Monitoring is checking known metrics against thresholds. “Alert if CPU > 80%.” It answers questions you thought to ask in advance. Observability is the ability to understand the internal state of a system from its external outputs. It answers questions you did not think to ask. A highly observable system lets you debug novel failures without adding new instrumentation. Monitoring is a subset of observability.
Q: How do you choose between Prometheus and Datadog?
Prometheus is open-source, self-hosted, and free. It requires operational expertise to run at scale (Thanos or Cortex for long-term storage). Datadog is a managed service with a per-host pricing model.
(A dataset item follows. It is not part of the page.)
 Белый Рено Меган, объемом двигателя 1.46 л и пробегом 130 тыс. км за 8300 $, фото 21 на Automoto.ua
It is easier to set up and has more features (APM, log management, synthetics). For small teams or startups, Datadog’s simplicity is worth the cost. For large teams with Kubernetes expertise, Prometheus + Grafana is more cost-effective at scale.
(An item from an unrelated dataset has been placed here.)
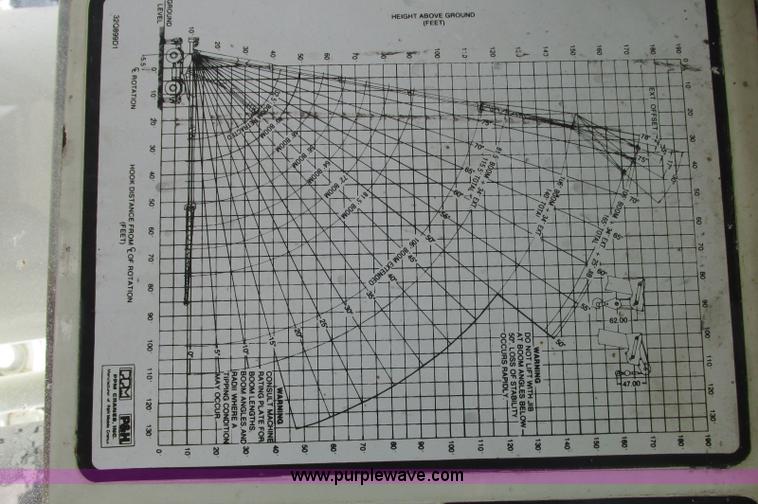 image for item E5051 1985 P & H RT50 rough terrain crane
Q: How much should you sample traces?
It depends on your traffic volume and budget. For low-traffic services (under 100 req/s), trace 100% of requests. For medium traffic (100-10,000 req/s), trace 10-100%. For high traffic (over 10,000 req/s), trace 1% or use tail-based sampling (keep all slow and error traces, sample fast successful ones). The goal is to have enough traces to debug issues without overwhelming your trace storage.
Interview questions
Q1: Your API’s P99 latency is 3 seconds. You have logs, metrics, and traces. Walk through your investigation.
Strong answer: Start with metrics. Check the RED metrics: is the error rate elevated? Is the request rate normal? Look at latency by endpoint - is it all endpoints or specific ones? Check resource metrics: CPU, memory, database connections, cache hit rate. If you find a specific endpoint or resource that is the bottleneck, look at traces for that endpoint. Find a slow trace (P99 latency). The trace shows the breakdown: which service or operation is taking the most time. If the database query is slow, check the slow query log. If a downstream service is slow, check its metrics and traces. Use the trace ID to find the corresponding logs for more context. The combination of metrics (where to look), traces (what is slow), and logs (why it is slow) gives you the full picture.
Q2: How do you implement distributed tracing in a microservices architecture?
Strong answer: Use OpenTelemetry for vendor-neutral instrumentation. Add the OpenTelemetry SDK to each service. Configure automatic instrumentation for HTTP clients and servers (most frameworks have auto-instrumentation). For custom spans, use the SDK to create spans around important operations (database queries, external API calls). Configure context propagation: the SDK automatically propagates trace context via HTTP headers (W3C Trace Context format). Deploy an OpenTelemetry Collector to receive spans from all services and export to your tracing backend (Jaeger, Tempo, Datadog). Include the trace ID in all log messages for correlation. Set up sampling: 100% for development, 1-10% for production (or tail-based sampling to keep slow traces).
Q3: What is the difference between a counter and a gauge in Prometheus, and when do you use each?
Strong answer: A counter is a monotonically increasing value that only goes up (or resets to zero on restart). Use counters for things that accumulate: total requests, total errors, total bytes sent. To get the rate, use rate(counter[5m]) in PromQL. A gauge is a value that can go up or down. Use gauges for current state: active connections, queue depth, memory usage, temperature. You can take the current value directly without rate(). The key distinction: if the value can decrease, use a gauge. If it only increases, use a counter. Common mistake: using a gauge for request count (it would go down when requests complete). Use a counter for total requests and derive the rate.